ActiveRecord::StatementInvalid: Mysql2::Error: This connection is in use by: #<Thread:0x007f5811657ac8@/.../vendor/bundle/ruby/2.2.0/gems/sidekiq-4.0.2/lib/sidekiq/util.rb:23 dead>

After some research (just being fancy here, after some googling) - we realized ruby timeouts is most likely the culprit. A thread gets a timeout while waiting for a response from mysql and ends up checking a corrupted mysql connection back into the pool.
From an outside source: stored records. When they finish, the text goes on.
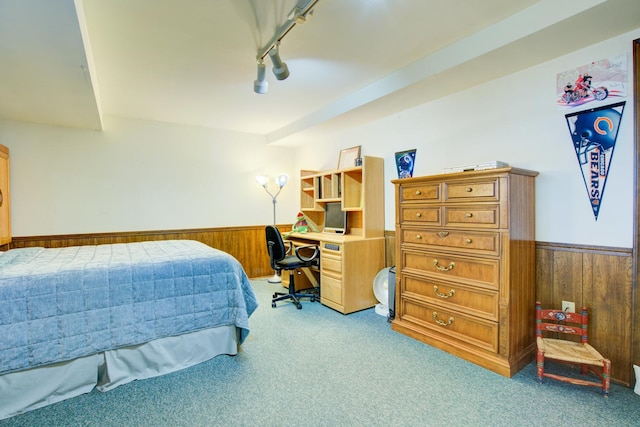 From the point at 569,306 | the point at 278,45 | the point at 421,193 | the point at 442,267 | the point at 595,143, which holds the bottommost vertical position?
the point at 569,306

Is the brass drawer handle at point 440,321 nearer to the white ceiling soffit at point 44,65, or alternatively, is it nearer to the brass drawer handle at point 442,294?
the brass drawer handle at point 442,294

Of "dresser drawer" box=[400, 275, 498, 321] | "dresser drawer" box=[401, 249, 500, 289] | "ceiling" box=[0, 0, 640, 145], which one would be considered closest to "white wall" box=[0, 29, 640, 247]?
"ceiling" box=[0, 0, 640, 145]

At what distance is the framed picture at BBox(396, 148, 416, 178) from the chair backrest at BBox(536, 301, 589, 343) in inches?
67.4

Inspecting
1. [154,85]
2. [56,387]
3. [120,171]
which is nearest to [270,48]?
[154,85]

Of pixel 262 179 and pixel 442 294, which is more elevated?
pixel 262 179

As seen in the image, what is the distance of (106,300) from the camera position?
199cm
Another caveat (for us developers dabbling in chef with little oversight of our SRE team) was to learn that it’s not enough to delete the Resque init code from the chef repository and let chef run. The init scripts that are on the servers need to be deleted manually or via chef, but just removing chef recipes does not clean anything up. We found that out the hard way - by running out of memory when our server was trying to run hundreds of resque and sidekiq processes at the same time ☺

When we launched Sidekiq for all our users and fished out most of the errors, we started to think about hooking background jobs into our measurement dashboards. Initially we planned to add only queue backlog counts (that’s what we were measuring for Resque), but after some debates with our SRE team, we concluded that queue latency (how long the oldest job is waiting to be processed) is a great metric for background jobs. Gediminas jumped in and made this possible:

Grafana example What can be better than a graph that shows you zero’s and that translates to “all’s fine ’n’ dandy”?
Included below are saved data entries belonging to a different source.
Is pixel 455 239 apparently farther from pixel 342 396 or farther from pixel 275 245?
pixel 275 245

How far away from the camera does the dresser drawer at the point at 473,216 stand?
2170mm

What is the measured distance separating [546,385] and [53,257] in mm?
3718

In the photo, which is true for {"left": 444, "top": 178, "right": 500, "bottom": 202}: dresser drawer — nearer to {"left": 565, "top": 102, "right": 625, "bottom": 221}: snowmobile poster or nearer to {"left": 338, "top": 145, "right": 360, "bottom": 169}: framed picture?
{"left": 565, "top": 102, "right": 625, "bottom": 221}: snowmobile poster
Here’s the effect the effort has given on our job servers’ CPU and memory. Full switch to Sidekiq happened on week 9:

Cacti CPU Cacti RAM

While Resque might be replaced with Sidekiq, the backend Guild initiative to work on background jobs is not over. Our goal is not to replace one technology with another one, but to get real cash savings for our company. Stay tuned, we’re making a new plan ;)

Thanks to everyone who’s working on this initiative - Ernestas, Laurynas, Gediminas and our SRE folks - Tomas, Nerijus and Paulius.